Data can be logged in a comma-delimited/comma-separated variable text file, or a tab-delimited file. Users can include a date-and-time stamp and an alias for each data item sent. Data log files can be compressed into zip files that can be archived for easy data management.
Users can view this data using Notepad, Excel, or other applications. Despite the proliferation of specialized data analysis software, Excel remains the most widely used data analysis tool in manufacturing because of its familiarity and because most every user already has Excel installed on his or her PC.
Data transfers from the controller to other systems are typically done by an Ethernet port, which is built-in to most every PLC and PAC nowadays. Popular protocols are supported negating the need to write complex drivers for the transfer of data from the controller to external systems.
Some PLCs and PACs allow users to collect data via connection to networked database servers. Users can collect real-time data from processes or machines on the plant floor and store it in standard Microsoft Access-, SQL server-, or ODBC-compatible databases. Report-by-exception data logging allows direct communication between the controller and the database—giving control of the data logging and storage functions to the controller allows it to send data only when needed in turn greatly reducing network traffic.
PLC Data Improves Quality
Associating a timeline to process variables can improve the quality of a product or reveal a quality problem. For example, one company chose a simple data logging method to extract information from the PLC controlling its plastic injection molding process. The company simply connected a removable USB pen drive to the dedicated USB data-out port of the PLC’s CPU.
Using the data logging utility within the PLC’s software, companies have the capability to capture up to 64 process variable tags from the injection molding application each time they conduct their manual quality control inspections. By using an event bit within the PLC, they can control the exact time the data points are logged onto the USB drive, which allows them to precisely coordinate the data collection with the quality control inspection.

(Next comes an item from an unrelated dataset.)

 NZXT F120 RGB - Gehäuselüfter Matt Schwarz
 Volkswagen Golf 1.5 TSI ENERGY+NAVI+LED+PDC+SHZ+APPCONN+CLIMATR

The user combines the process data and the quality control data into a single table in a spreadsheet application. From this table, they can correlate specific conditions and process variables to differentiate between good and bad product quality. After they collect sufficient historical data, they can identify the critical variables that represent the key indicators in their quality management program.
Using this procedure allows the company to monitor its plastic injection molding process and make real-time adjustments when they notice conditions that would lead to poor quality products. Now, instead of using complicated high-priced systems and software, this company is improving its overall product quality, reducing waste, and saving money—all for the price of a USB pen drive and the ease of selecting a few tag names in a table.
These types of applications demonstrate the power of PLCs and PACs in data acquisition applications. As these controllers increase their processing power, data manipulation features and data storage capabilities—look for increased use in data acquisition applications in manufacturing and process facilities worldwide.
Summary
Data acquisition, data logging and data analysis are required functions for most modern industrial control systems. The simplest and lowest cost way to provide these functions is often by using the same platform that’s providing real-time control—namely the PLC or the programmable automation controller (PAC).
PLCs have been controlling machines and processes for more than 30 years. Demand for data and the need for real-time process information has increased during this time, and continues to grow rapidly in nearly every industry.
End users need intelligence about their processes, machines and manufacturing operations. They need to know about system alarms and events, about process variables, and about production amounts. They need this information to make better manufacturing and business decisions in real time.